自動運転の普及にらみ法改正、自動走行時のメール作成などが可能に

2017/04/05発行 No.1133号

記事分類:総合 - ドイツ経済ニュース

ドイツ連邦議会(下院)は3月30日、政府提出の道路交通法改正案を可決した。同改正法案は加速・操舵・制動を基本的にシステムに委ねることができるレベル3の自動運転車の今後の普及をにらんだもので、ドライバーと車両メーカーの法的責任を明確化。事故が起きた際に誰が責任を負うのかを判断できるようにする狙いだ。法案は自動走行時のドライバーの注意義務を政府案よりもやや緩和する方向に修正したうえで可決された。

ドイツには現在、レベル3を想定した自動運転に関する法的な規定がなかい。このため事故の際の責任の所在は明らかでなく、メーカーが高度な自動運転車を開発しても販売できない懸念があった。

今回の道交法改正案にはこれを踏まえ、自動運転システムは特定の時間・状況下でドライバーに代わって運転を引き受けることができるとの規定が盛り込まれた。ドライバーが運転を行わなければならないのは緊急時やシステムから要請された場合に限られる。システムからの要請は視覚、音響、触覚、そのほかの認知可能な手段で運転手に伝えられなければならない。

事故が起きた際の責任の所在を明確化するため、車両には航空機の“ブラックボックス”に相当する機能の搭載が義務づけられる。これにより運転データを解析し事故がドライバーに起因するのか、それともシステムに起因するのかを判断しやすくする。システムが原因の場合は製造元が責任を負うことになる。

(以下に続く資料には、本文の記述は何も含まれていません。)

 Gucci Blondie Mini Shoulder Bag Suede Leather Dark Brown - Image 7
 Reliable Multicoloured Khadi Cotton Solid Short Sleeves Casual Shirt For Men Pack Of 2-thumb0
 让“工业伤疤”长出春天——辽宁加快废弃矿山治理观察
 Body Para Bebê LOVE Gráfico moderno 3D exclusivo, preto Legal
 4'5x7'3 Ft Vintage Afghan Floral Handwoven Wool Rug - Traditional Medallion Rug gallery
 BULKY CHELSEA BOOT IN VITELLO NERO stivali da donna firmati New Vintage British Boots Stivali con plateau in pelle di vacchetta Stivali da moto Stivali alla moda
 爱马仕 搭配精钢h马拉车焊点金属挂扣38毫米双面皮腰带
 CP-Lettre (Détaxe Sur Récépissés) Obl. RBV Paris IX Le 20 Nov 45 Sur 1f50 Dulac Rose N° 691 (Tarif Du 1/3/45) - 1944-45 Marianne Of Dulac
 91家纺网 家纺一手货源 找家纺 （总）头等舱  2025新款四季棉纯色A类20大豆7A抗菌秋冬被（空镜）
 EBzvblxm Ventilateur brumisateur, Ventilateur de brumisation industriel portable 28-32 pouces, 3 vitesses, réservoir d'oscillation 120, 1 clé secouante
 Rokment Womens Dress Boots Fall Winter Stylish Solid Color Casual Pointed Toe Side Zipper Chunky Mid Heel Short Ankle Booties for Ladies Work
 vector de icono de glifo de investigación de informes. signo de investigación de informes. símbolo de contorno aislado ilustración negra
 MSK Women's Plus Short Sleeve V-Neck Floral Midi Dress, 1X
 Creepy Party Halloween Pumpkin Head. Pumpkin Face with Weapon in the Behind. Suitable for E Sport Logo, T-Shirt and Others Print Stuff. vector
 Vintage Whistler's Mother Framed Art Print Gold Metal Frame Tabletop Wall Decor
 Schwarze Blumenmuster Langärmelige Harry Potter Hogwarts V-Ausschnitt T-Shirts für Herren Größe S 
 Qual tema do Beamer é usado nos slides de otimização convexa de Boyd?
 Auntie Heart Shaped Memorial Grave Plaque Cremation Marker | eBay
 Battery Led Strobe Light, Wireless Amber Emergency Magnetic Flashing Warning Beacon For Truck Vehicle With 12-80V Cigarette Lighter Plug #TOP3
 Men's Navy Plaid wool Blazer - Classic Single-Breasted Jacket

ブラックボックスには◇事故が起きた際に運転していたのがシステムなのか運転手なのか◇車両に故障が発生していなかったか◇車両がいつどこにあったか――という計3種類のデータが記録される。保存期間は原則6カ月で、事故後は3年に延長される。

政府法案ではシステムからの要請があった場合、運転手は「速やかに(unverzueglich)」運転を引き受けなければならないと記されているだけだった。これに対しては、運転手は交通状況に絶えず注意を払っていなければならなくなり、メールを書くなど他の作業を実質的にまったくできなくなるといった批判が専門家から出たことから、政府与党はシステムからの要請を「認識できる状態(wahrnehmungsbereit)」にあれば、運転手は自動走行時に道路を注視していなかったり、ハンドルから手を放せることを明確化した。

ただし、運転の最終責任は運転手が負うことから、タイヤがパンクしたり、必要もないのにシステムがブレーキをかけるなど車両に明らかに異常があることが分かった場合は、要請がなくても速やかに運転を引き受けなければならない。

自動走行中に読書、消費者の3分の1が希望

自動運転車に対する消費者の期待は比較的高い。独情報業界通信連盟(Bitkom)が2月に発表したアンケート調査報告によると、自動運転車に何らかの期待を持っているとの回答は66%と全体の3分の2を占めた。具体的には渋滞緩和が44%で最も多く、これに燃費改善(40%)、交通安全の全般的な向上(34%)、搭乗者の安全の向上(27%)、走行中に運転以外のことができる(25%)が続いた。

「自動走行中に何をしたいですか」との質問に対しては同乗者との会話が53%で最も多く、2位は交通状況の注視(44%)だった。3位以下は読書(34%)、映画鑑賞(24%)、仕事(15%)、睡眠(7%)の順で、交通状況にまったく注意を払うことができない事柄が続いている。

政府法案の修正は走行中に運転以外のことを行いたいという消費者のニーズに見合っており、自動運転車の普及を後押しする効果が期待されている。Bitkomのベルンハルト・ローレーダー専務理事は「自動車大国ドイツは自動運転分野でも世界トップを獲得できる」として、歓迎の意を示した。